Accusations of mistreatment of prisoners have dogged US military jails from Iraq, to Afghanistan and its base in Guantanamo Bay in Cuba. “I have very bad memories of the interrogation because they were torturing us,” said Abdul Manan, 35, also from Kunar. “But after the interrogation period was over, everything was all right,” he told reporters outside the Supreme Court.

US forces captured hundreds of prisoners when they toppled Afghanistan’s radical Islamist Taleban government in late 2001 for failing to surrender Al-Qaeda leader Osama Bin Laden, architect of the Sept. 11 attacks on US cities. Prisoners deemed to be the greatest security risk were taken bound and shackled to Guantanamo Bay, while others were kept at US bases across Afghanistan.

Prisoners interviewed outside the court said they had been well-treated at Bagram but some complained of torture out in the field and of false arrest. “I came out of my house to go to work and the Americans stopped me and arrested me,” said Shah Halim, 19, from Sarkano district of Kunar province. “I spent one-and-a-half months in Kunar where they poured cold water on me and tortured me. After that I was taken to Bagram: there it was good and I was not tortured there,” he added.
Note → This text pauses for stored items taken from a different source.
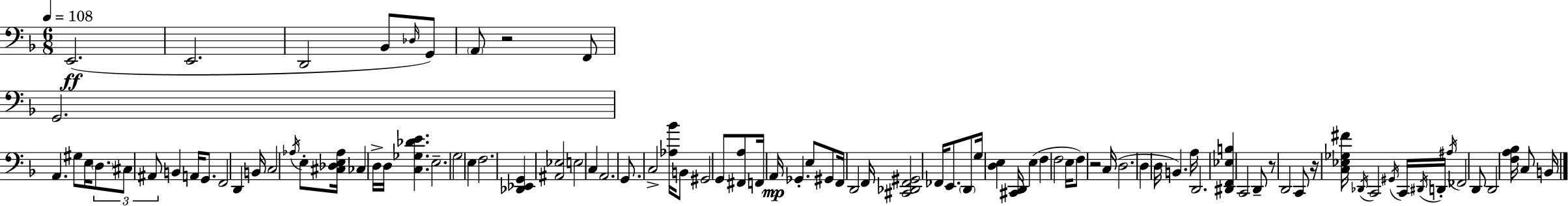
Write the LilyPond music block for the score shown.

{
  \clef bass
  \numericTimeSignature
  \time 6/8
  \key d \minor
  \tempo 4 = 108
  e,2.(\ff | e,2. | d,2 bes,8 \grace { des16 }) g,8 | \parenthesize a,8 r2 f,8 | \break g,2. | a,4. gis8 e16 \tuplet 3/2 { \parenthesize d8. | cis8 ais,8 } b,4 a,16 g,8. | f,2 d,4 | \break b,16 c2 \acciaccatura { aes16 } e8-. | <cis des e aes>16 ces4 d16-> d16 <c ges des' e'>4. | e2.-- | g2 e4 | \break f2. | <des, ees, g,>4 <ais, ees>2 | e2 c4 | a,2. | \break g,8. c2-> | <aes bes'>16 b,8 gis,2 | g,8 <fis, a>8 f,16 a,16\mp ges,4.-. | e8 gis,8 f,16 d,2 | \break f,16 <cis, des, f, gis,>2 fes,16 e,8. | \parenthesize d,8 g16 <d e>4 <cis, d,>16 e4( | f4 f2 | e16 f8) r2 | \break c16( d2. | d4 d16 b,4.) | a16 d,2. | <dis, f, ees b>4 c,2 | \break d,8-- r8 d,2 | c,8 r16 <c ees ges fis'>16 \acciaccatura { des,16 } c,2 | \acciaccatura { gis,16 } c,16 \acciaccatura { dis,16 } d,16-. \acciaccatura { ais16 } fes,2 | d,8 d,2 | \break <f a bes>16 c8 b,16 \bar "|."
}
Others complained about being detained on the basis of false information given by fellow Afghans who held grudges against them. “Our brothers destroy their brothers. The Americans get information from Afghans who have feuds with people and give false reports,” Shinwari said.
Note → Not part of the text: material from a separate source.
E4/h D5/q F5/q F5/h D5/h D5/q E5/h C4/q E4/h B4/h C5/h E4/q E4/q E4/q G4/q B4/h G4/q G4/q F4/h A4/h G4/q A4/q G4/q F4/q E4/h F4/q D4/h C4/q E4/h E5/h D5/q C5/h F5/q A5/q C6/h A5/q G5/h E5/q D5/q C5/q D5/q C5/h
The US military has come under fire from rights groups for its methods at detention centers in Afghanistan, where at least eight detainees have died since 2002. Around 400 Taleban and Al-Qaeda suspects are still being held by the US military in Afghanistan. The US military said the release was timed to coincide with Eid.

The release was also linked to a wider move by Afghan authorities to offer an amnesty to the foot soldiers of the ousted Taleban regime in return for their agreement to lay down their arms. “As you know, culturally Eid is a time of forgiveness” Col. David Lamm, the chief of staff for the US military in Afghanistan, told AFP. Lamm said the US had “made gestures to the Afghan government that we would participate in this kind of religious event and reciprocate by letting some detainees go.”

He said some of the detainees were not seen as high-level threats to the 18,000-strong US-led coalition forces stationed in the country. Some had been arrested because they had been at the scene of attacks on US or Afghan troops. “President (Hamid) Karzai has indicated on many occasions this notion of a national forgiveness or reconciliation. If that occurs we would suspect that many of the foot-soldier Taleban would be able to come back in and reintegrate with Afghan society and participate in the peaceful democratic political process,” Lamm said.

A government source said talks between some Taleban leaders and the government about an arms-for-amnesty deal were continuing. Karzai and US Ambassador to Afghanistan Zalmay Khalilzad have indicated that ordinary Taleban who are not linked to Al-Qaeda or wanted for crimes against humanity would be welcome to return home and reintegrate into society.

Assadullah Wafa, the governor of Paktia province, headed a delegation of tribal elders set to meet with Khalilzad about the issue of Taleban reconciliation. The meeting was postponed because Khalilzad was meeting US senators. “The delegation of elders came to Kabul to speak with the ambassador and hear it themselves, that if the Taleban come back there won’t be problems for them,” Wafa said. However, a man claiming to represent the Taleban said there had been no contact with the government. “There hasn’t been any contact between the Taleban and the government,” Abdul Latif Hakimi told AFP by telephone from an unknown location.